Reliability

Reliability is an important consideration in any IoT system as these systems are often used to monitor and control critical systems and processes. Performance is a key aspect of reliability because if the system is not performing well, then it can't keep up and do its job.

Point Metrics

The fundamental operation of SimpleIoT is that it process points, which are changes to nodes. If the system can't process points at the rate they are coming in, then we have a problem as data will start to back up and the system will not be responsive.

Points and other data flow through the NATS messaging system, therefore it is perhaps the first place to look. We track several metrics that are written to the root device node to help track how the system is performing.

The NATS client buffers messages that are received for each subscription and then messages are dispatched serially one message at a time. If the application can't keep up with processing messages, then the number of buffered messages increases. This number is occasionally read and then min/max/avg writen to the metricNatsPending* points in the root device node.

The time required to process points is tracked in the metricNatsCycle* points in the root device node. The cycle time is in milliseconds.

We also track point throughput (messages/sec) for various NATS subjects in the metricNatsThroughput* points.

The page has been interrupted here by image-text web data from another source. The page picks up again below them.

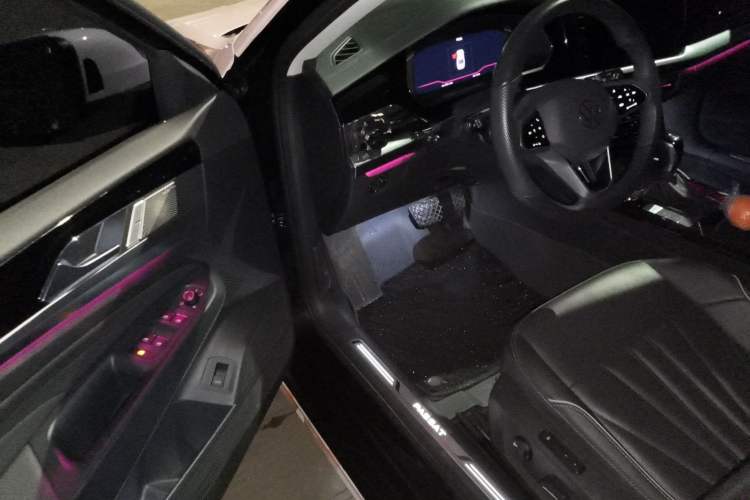 Used Volkswagen Passat 2024 380TSI Luxury Edition
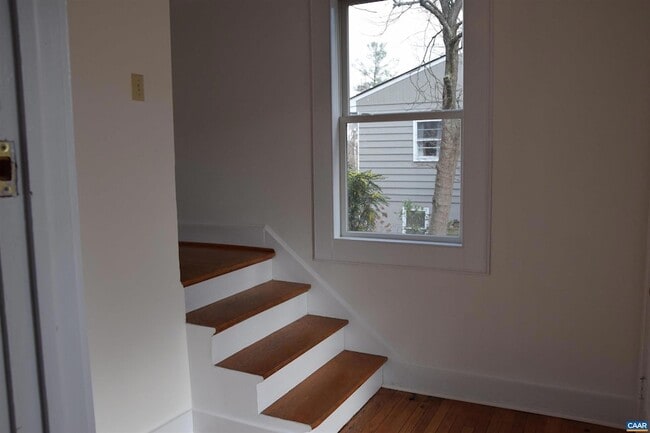 Building Photo - 107 Harris Rd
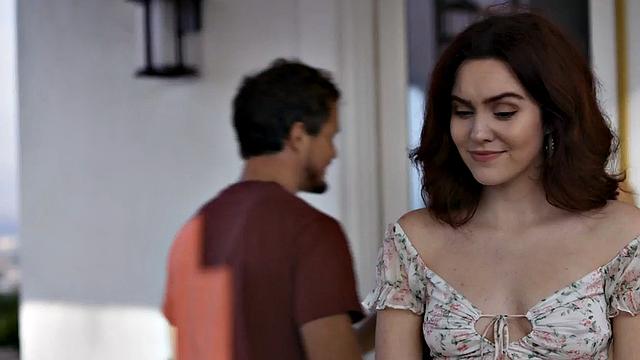 зрелые жёны выбирают любовников на жаркой вечеринке свингеров у бассейна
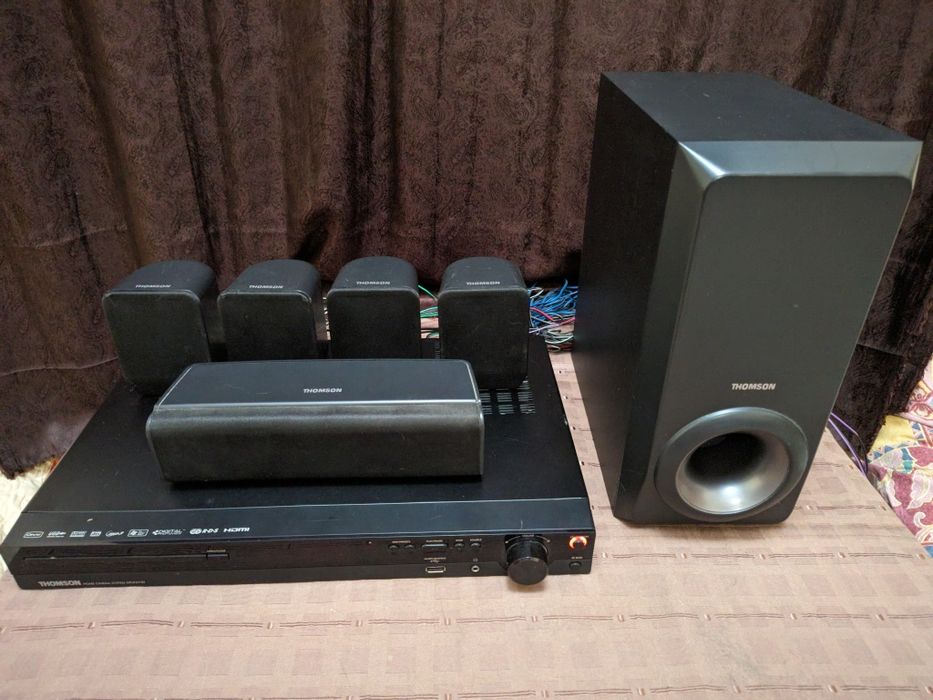 Домашній кінотеатр Thomson DPL937VD 5.1
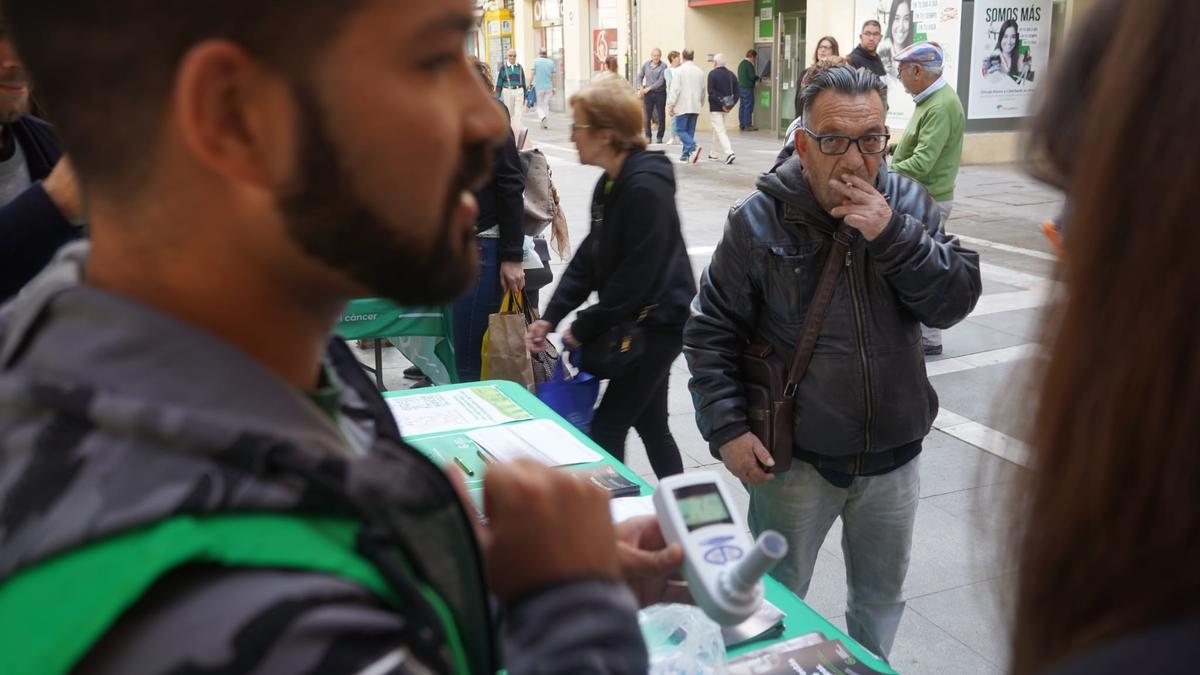 Un fumador se acerca a hacerse la cooximetría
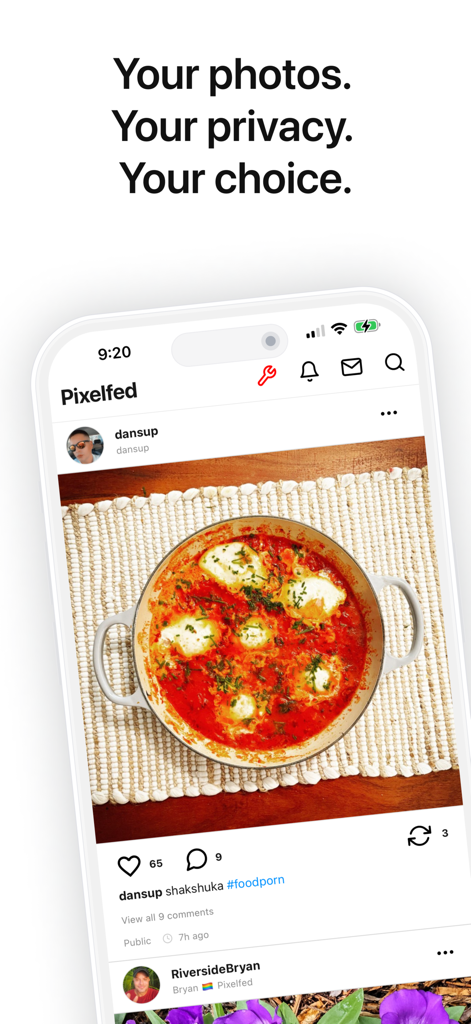 Pixelfedモバイルアプリのインターフェース。Your photos Your privacy Your choiceというタグラインが表示された写真フィードを示しています。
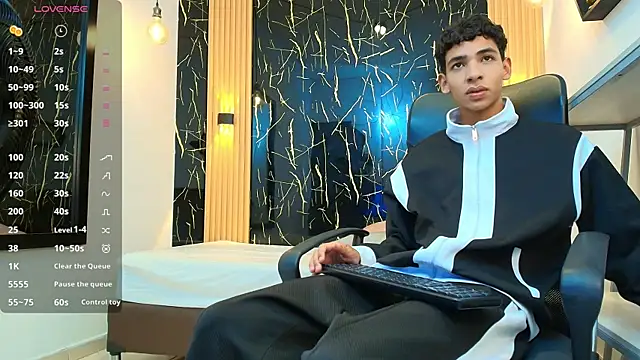 ValeriHot 1 online show from April 5, 2026, 3:02 am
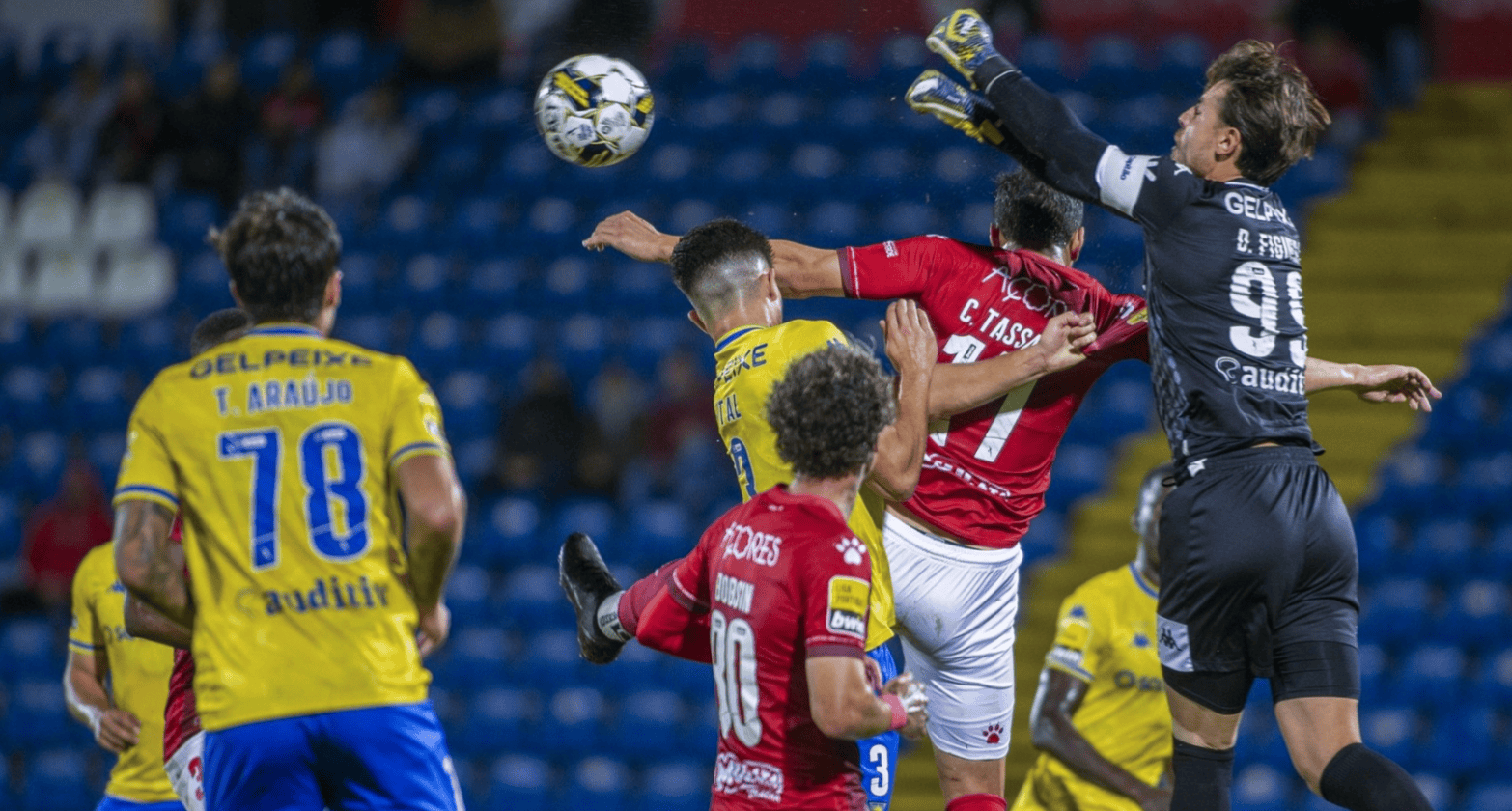 离谱！尼斯围绕欧超杯战术微调今夜里尔主帅复盘，清晨孟菲斯灰熊备战葡超(兰斯·史蒂芬森最新消息)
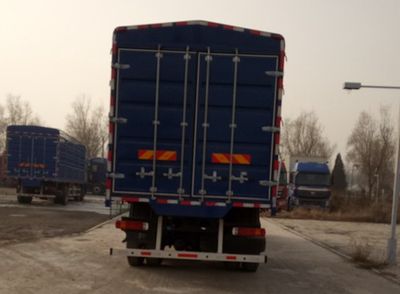 Ouman  BJ5313CCQAB Livestock and poultry transport vehicles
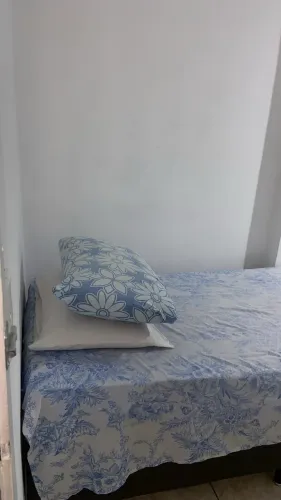 Alugo quarto mobiliado - 800 reais (taquara/mulheres)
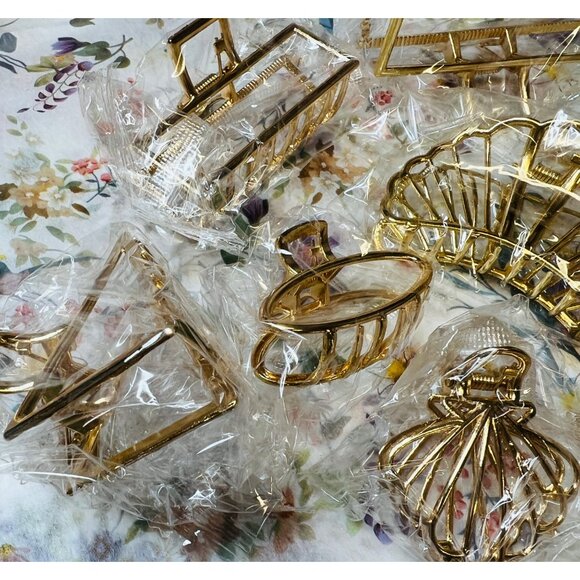 Gold Toned Hair Claw Clips Set Of 11 Pieces - Picture 3 of 4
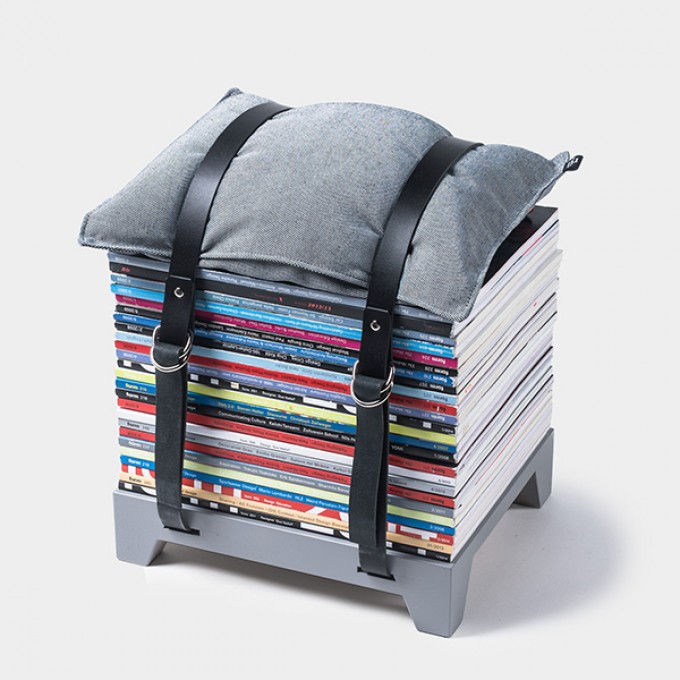 Njustudio Hockenheimer Sitzhocker (Magazin, grey) Njustudio Hockenheimer Sitzhocker (Magazin, grey)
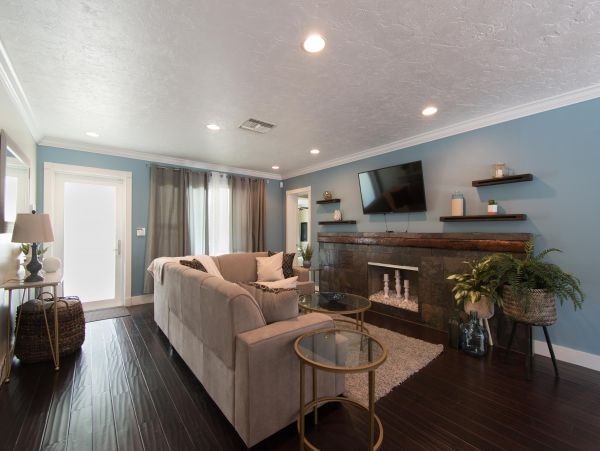Hollywood Home 978809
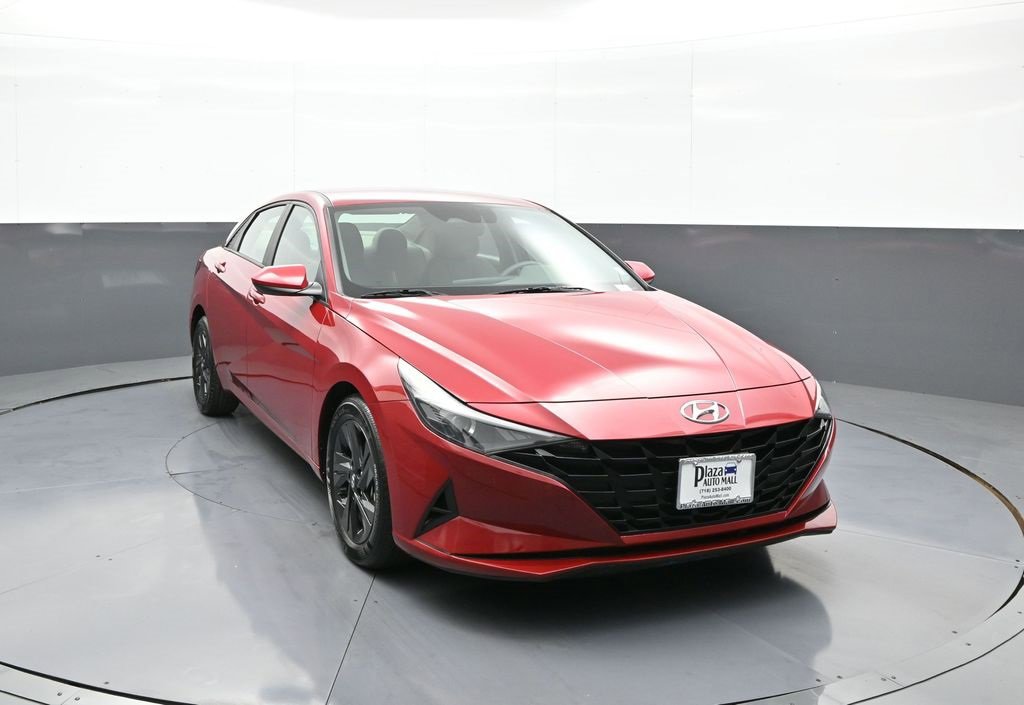 Certified 2021 Hyundai Elantra SEL image 3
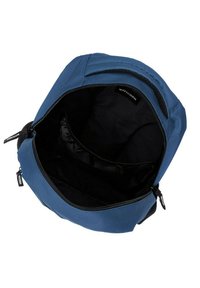 Zaino in tessuto blu con apertura con zip, dotato di un ampio interno nero e diversi scomparti per l'organizzazione.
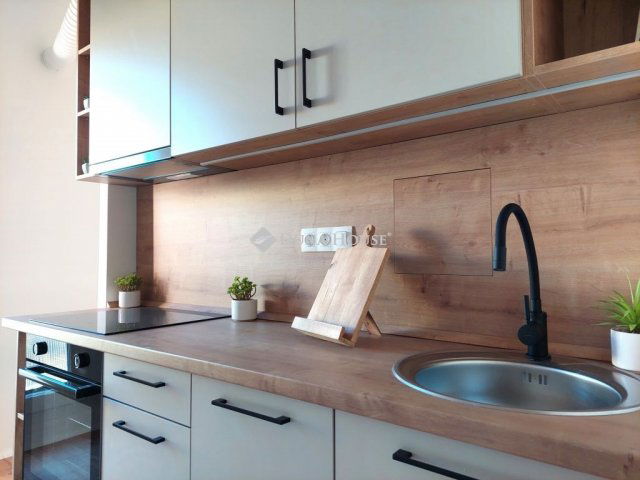 Eladó panellakás, Pécsett 55.9 M Ft, 2 szobás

These metrics should be graphed and notifications sent when they are out of the normal range. Rules that trigger on the point type can be installed high in the tree above a group of devices so you don't have to write rules for every device.

Database interactions

Database operations greatly affect system performance. When Points come into the system, we need to store this data in the primary (ex Genji) and time series stores (ex InfluxDB). The time it takes to read and write data greatly impacts how much data we can handle.

IO failures

All errors reading/writing IO devices should be tracked at both the device and bus level. These can be observed over time and abnormal rates can trigger notifications. Error counts should be reported at a low rate to avoid using bandwidth and resources -- especially if multiple counts are incremented on an error (IO and bus).

Logging

Many errors are currently reported as log messages. Eventually some effort should be made to turn these into error counts and possibly store them in the time series store for later analysis.